• TASK ITEM
Output exactly the lines below from the one containing "Pressing TAB again" to the last line, both included. Omit pictures.

• DATA PROVIDED
-------------------------
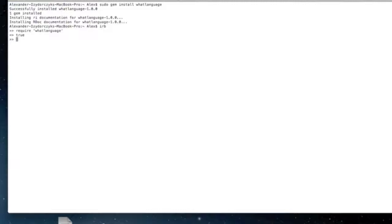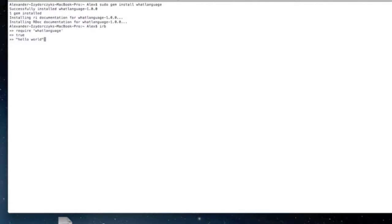Using this Ruby gem is as simple as typing a string. In this case I'll use a string literal, hello world, and then .language, and that will return the language that string is in. You can see I can try one in French.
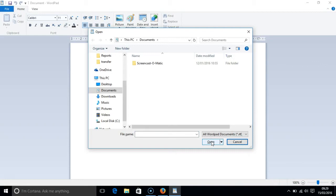Pressing TAB again takes us to the address documents bar. This tells us the location of the files that we are accessing on the computer. I am currently in the documents folder or in my documents folder.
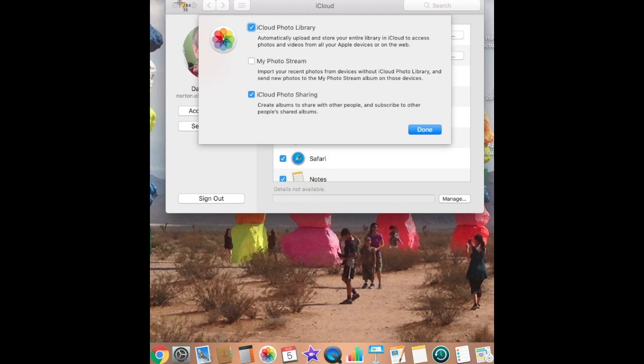So if you delete them on one and you close it, it connects to the Internet, automatically they're sent back from the other device. So the only way to eliminate this is by unchecking My Photo Stream, and that will take care of this problem on all devices.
-------------------------
• RESPONSE TO THIS TASK
Pressing TAB again takes us to the address documents bar. This tells us the location of the files that we are accessing on the computer. I am currently in the documents folder or in my documents folder.
So if you delete them on one and you close it, it connects to the Internet, automatically they're sent back from the other device. So the only way to eliminate this is by unchecking My Photo Stream, and that will take care of this problem on all devices.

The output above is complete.